Work request ->
What is needed is an exact reproduction of the lines from the one that contains "Sisley Kadın Kol Çantası SLY_029" through the end of the data, both included and nothing else, with pictures omitted.

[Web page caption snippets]

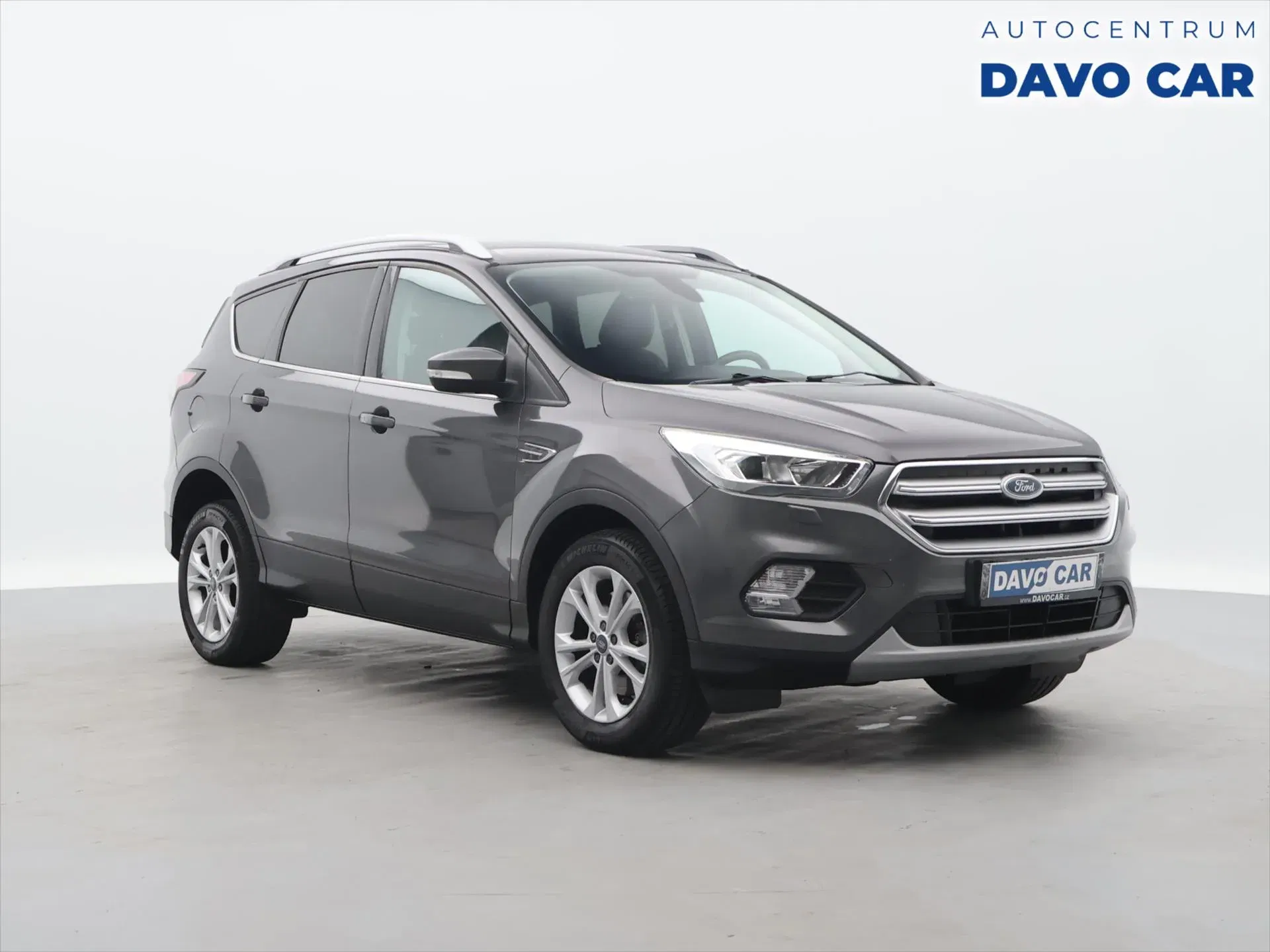 Ford Kuga 1,5 TDCI 88kW CZ Titanium DPH, 2017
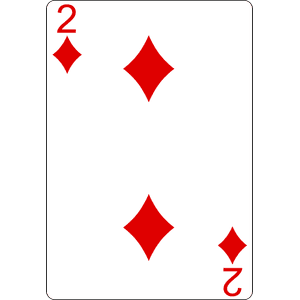 2 Of Diamonds 2 Of Diamonds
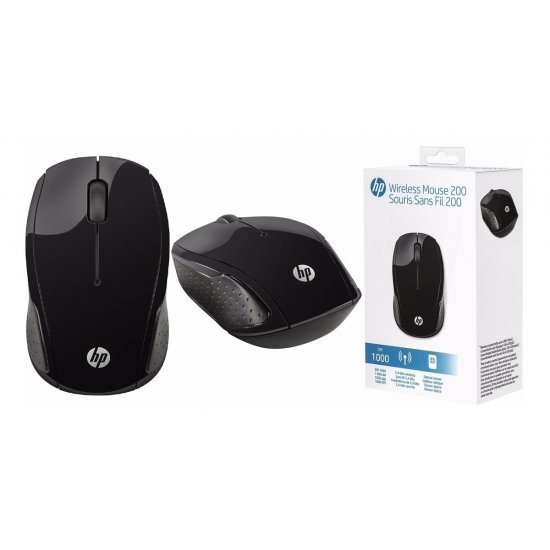 souris sans fil HP 200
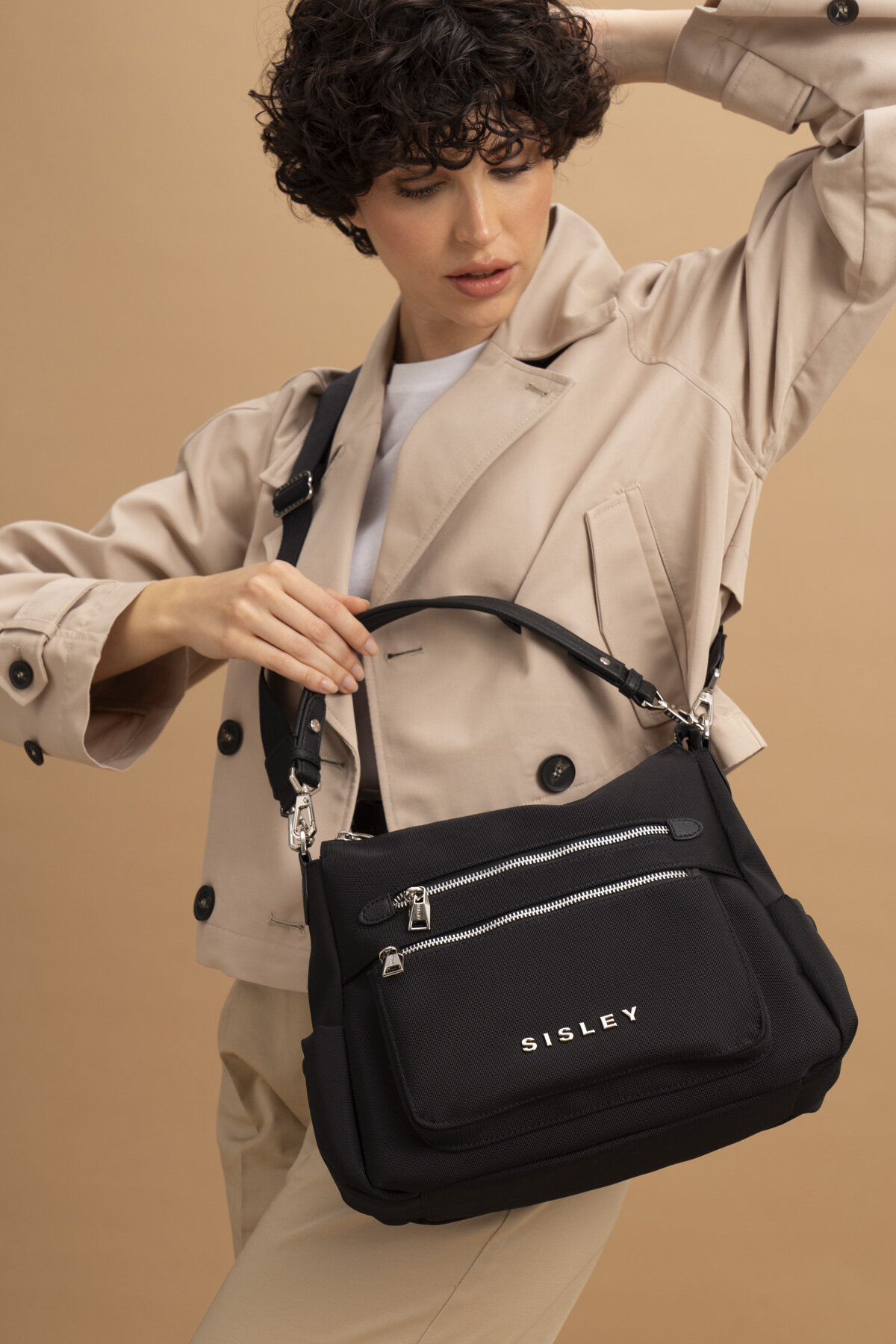 Sisley Kadın Kol Çantası SLY_029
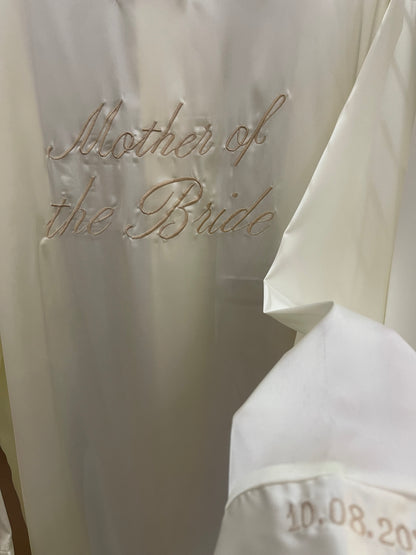 The Silk Robe
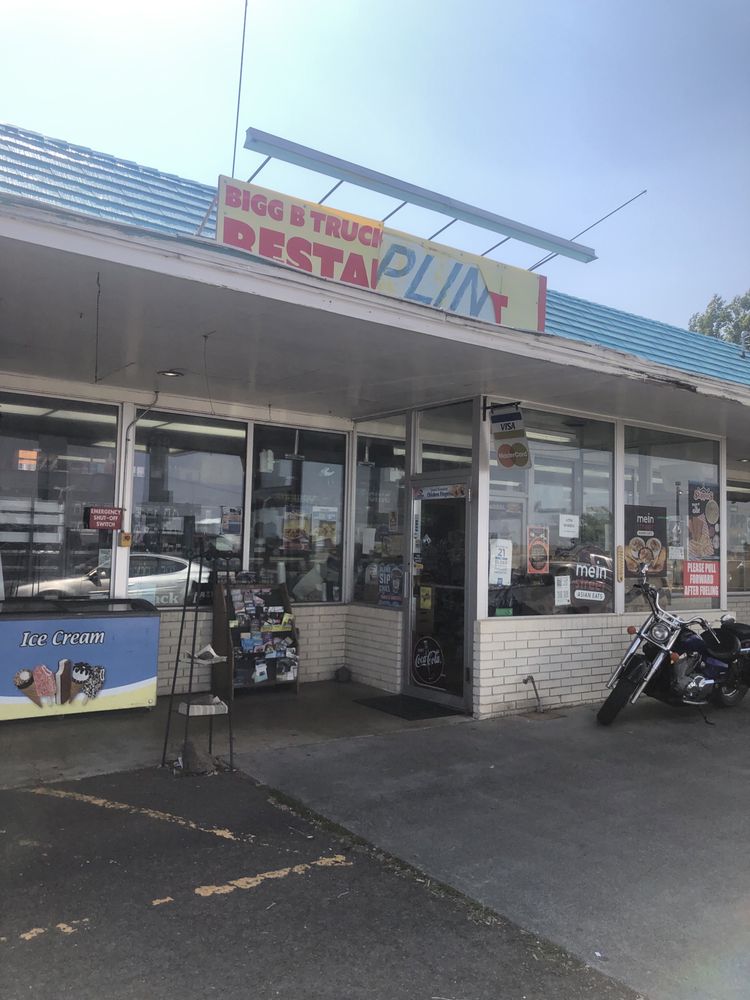 BIG B TRUCK STOP Updated August 2024 2008 N Durry Rd, Sprague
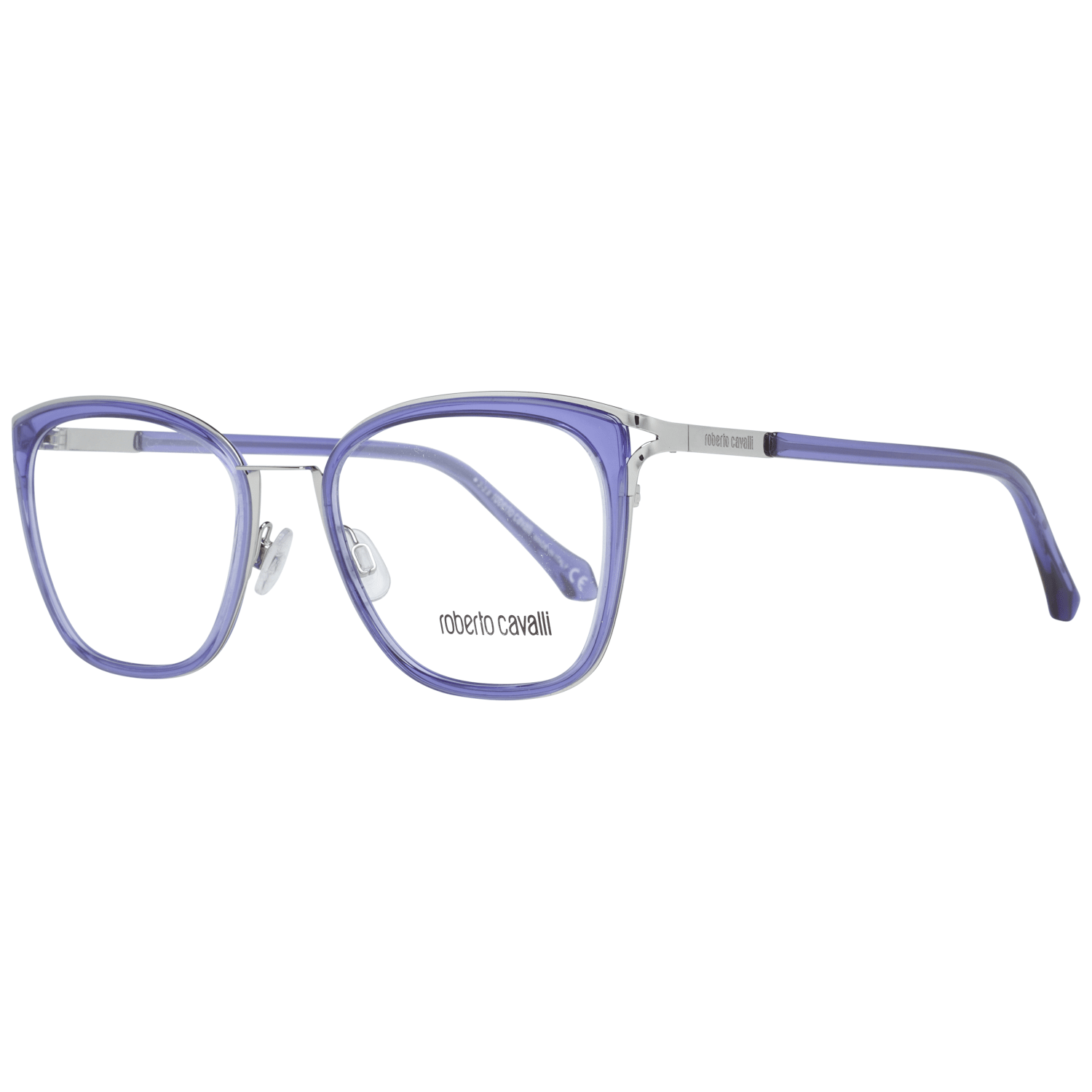 Roberto Cavalli Women's Optical Frames Eyewear Silver RC5071 52081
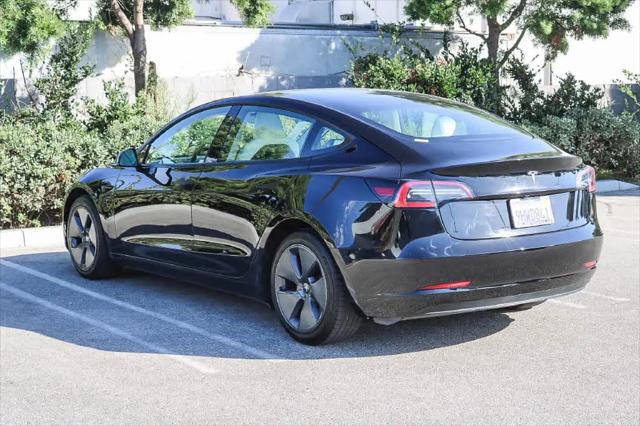 2023 Tesla Model 3 Rear-Wheel Drive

Your solution ->
 Sisley Kadın Kol Çantası SLY_029
 The Silk Robe
 BIG B TRUCK STOP Updated August 2024 2008 N Durry Rd, Sprague
 Roberto Cavalli Women's Optical Frames Eyewear Silver RC5071 52081
 2023 Tesla Model 3 Rear-Wheel Drive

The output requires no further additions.